The Walker: Woody Harrelson Versus the Neocons

  Paul Schrader's cinema is largely defined by the pathology of his male protagonists, and with The Walker, he's added a striking new character to his gallery of loners. Carter Page III (Woody Harrelson) is the degenerate scion of a political family. Openly gay and eminently presentable, this American aristo makes himself useful as a companion to the neglected wives of the Washington elite—gabbing over canasta or escorting them to the opera. (Hence the term "walker," coined to describe Nancy Reagan's frequent squire Jerry Zipkin.) The Walker evokes a town of mighty rubes and backbiting yentas.

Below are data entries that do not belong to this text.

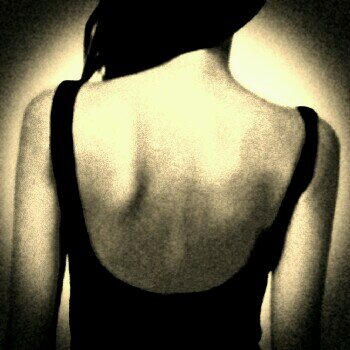 s_modiva's profile picture. Nessuno è come sembra; dobbiamo mantenere le apparenze per sopravvivere?
Nella mia vita non ci sono segreti, solo verità nascoste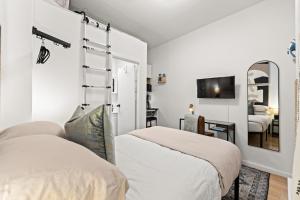 Micro Studio Walk to Time Square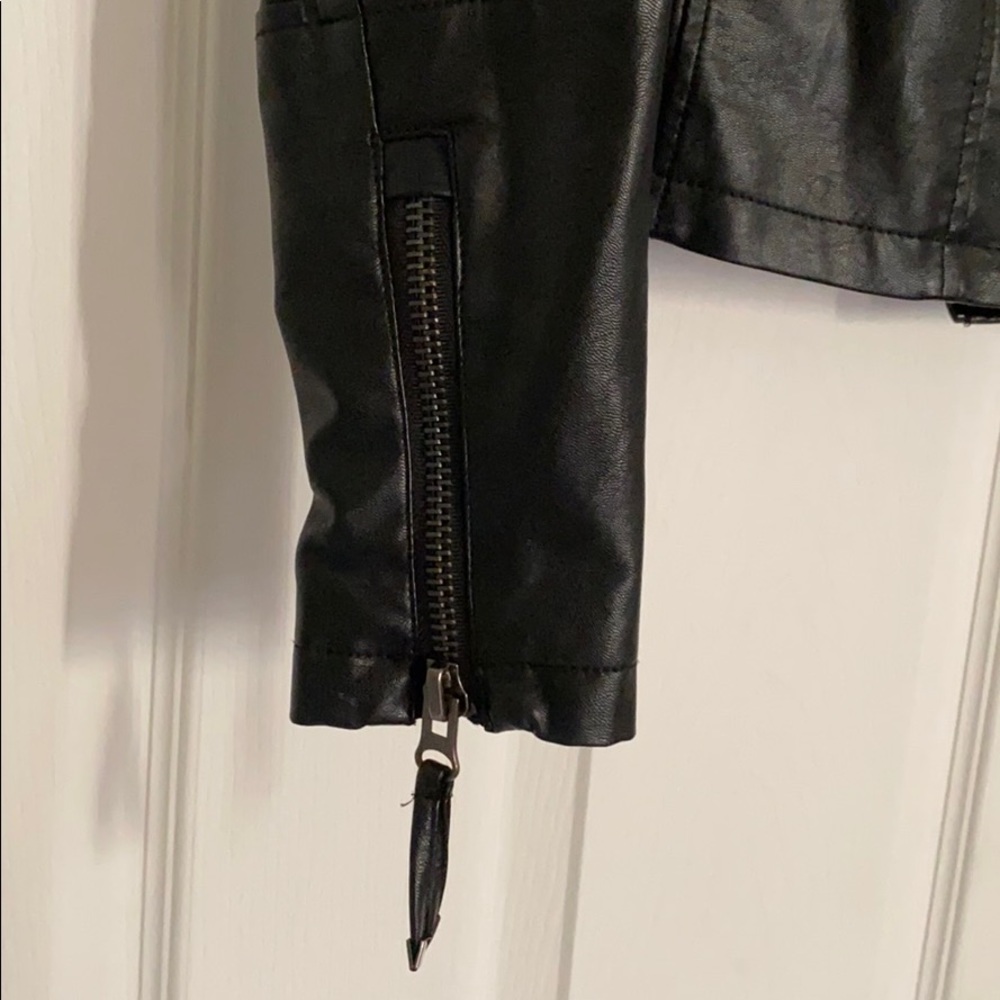 Leather jacket - Picture 7 of 12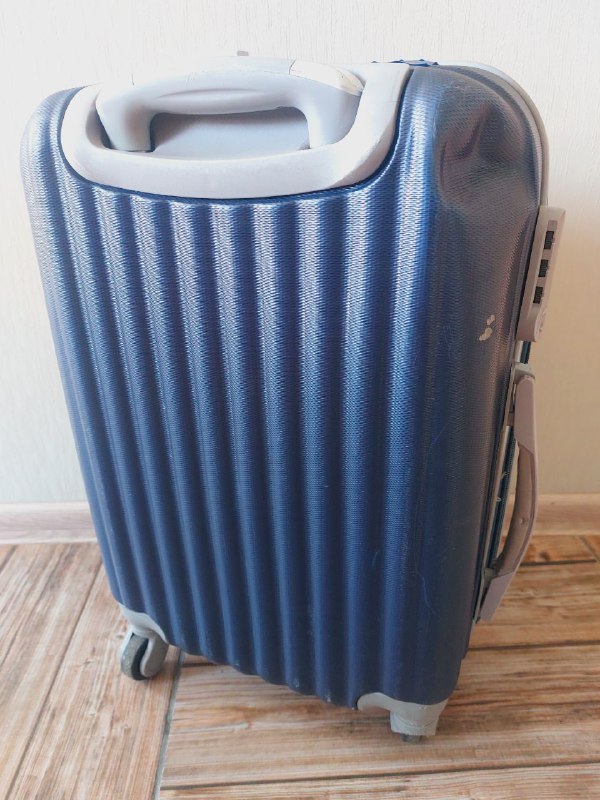 Синий чемодан ручная кладь б/у 3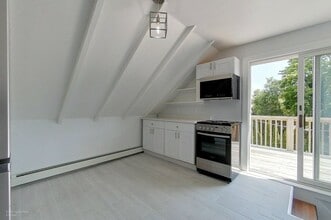 23 Berkeley Ave, Unit 2 in Newport, RI - Building Photo - Building Photo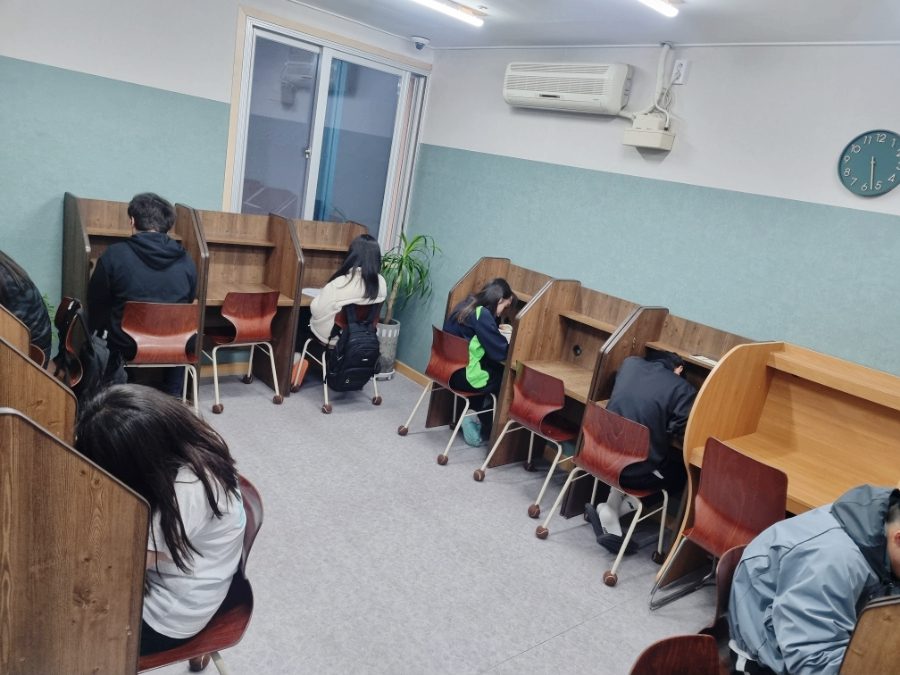 감계 이화학원에서 월말평가를 치르는 학생들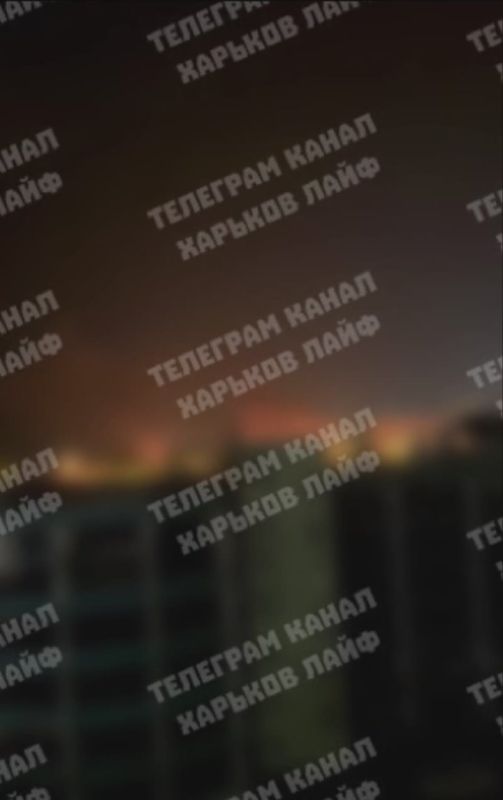Мониторинговые каналы сообщают о продолжающейся атаке ВС РФ по обьектам ВСУ в Харькове, число взрывов увеличилось до 17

Carter, however, has a special fondness for the vulnerable Lynn (Kristin Scott Thomas), who's unhappily married to liberal Sen. Larry Lockner (Willem Dafoe with a Gary Hart do). Once Lynn discovers her lobbyist lover stabbed to death and gallant Carter puts down his copy of Suetonius to shield her, The Walker settles into thriller mode. But in its final third, it falls apart. Emotional murk rises, stakes are lowered, and, despite a late dose of Hardy Boys derring-do, drama founders. This is a serious movie and, gliding around the center of power, a stylish one. But, like its protagonist, The Walker is unable to finish the job.